A dos vientos. Criticas y semblanzas
- First edition
- Author: Ramon Domènec Perés i Perés
- Language: Spanish
- Publication place: Spain

= A dos vientos. Criticas y semblanzas =

Book by Ramon Domènec Perés i Perés

A dos vientos. Criticas y semblanzas is a collection of articles in Spanish by Ramon Domènec Perés i Perés, most published in La Vanguardia between 1888 and 1892, and published as a volume in 1892.

==Analysis==
Perés defends (as in his Literary Criticism in Catalonia, of 1883) the exercise of criticism based on the information and intellectual competence, for which he cites authorities like Paul Bourget, Goncourt, Matthew Arnold, Henry James, Alas, and Pardo Bazan, among others. He discusses Menéndez Pelayo and Frederic Soler, the recent work of Palacio Valdés, Pérez Galdos, Juan Valera, Mestres, Verdaguer, Pin i Soler and Bosch de la Trinxeria, and two translations into Spanish, of Heine and of Pindar.

He sometimes drifts from the dominant belief that realism and modernity are synonymous, in such a way that one can see (for example in the pages devoted to Galdos) the unconscious signs of the exhaustion of the Realist rhetoric.

Perés is interested in looking at Catalan literature from the perspective of the Spanish. With a spirit that evokes that of the critic Yxart, he draws a portrait in which Catalan literature is praised for its evocative realism, in an analysis that is neither condescending nor pejorative, even in line with Renaixença readings.

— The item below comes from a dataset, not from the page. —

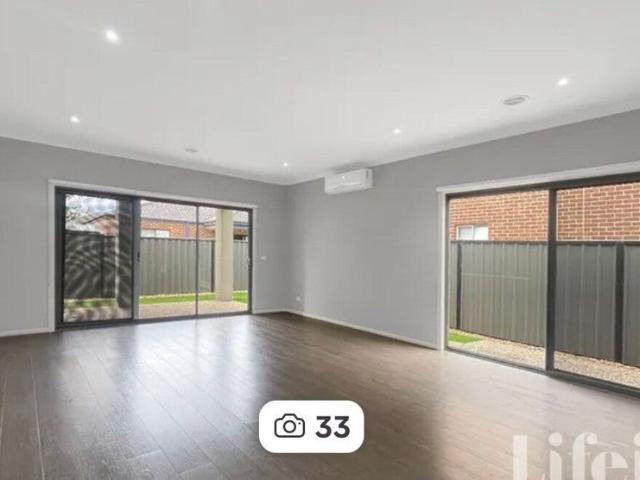 Room for rent in Camerons Creek, Victoria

The Catalan literary establishment is taken to task for some rigidity in their habits of production and consumption, as well as for abusive protectionism, that nonetheless does not in any way take away from the intense creativity of a Mestres or a Verdaguer.

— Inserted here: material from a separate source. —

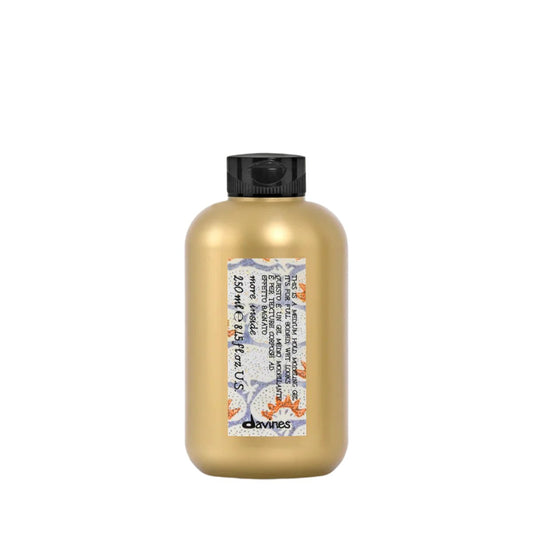 More Inside This is a Medium Hold Modeling Gel 250ml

Addressing a number of questions (the novel as a demand of economy and coherence, the idea of poetry, the value of translations in literary life, doubts about the literary value of the work of Soler, Verdaguer as an ancient poet), the volume highlights the extraordinary value of the narrative of Galdos and of the poetry of Mestres. The collection obtained favorable reviews in the press of both Barcelona and Madrid.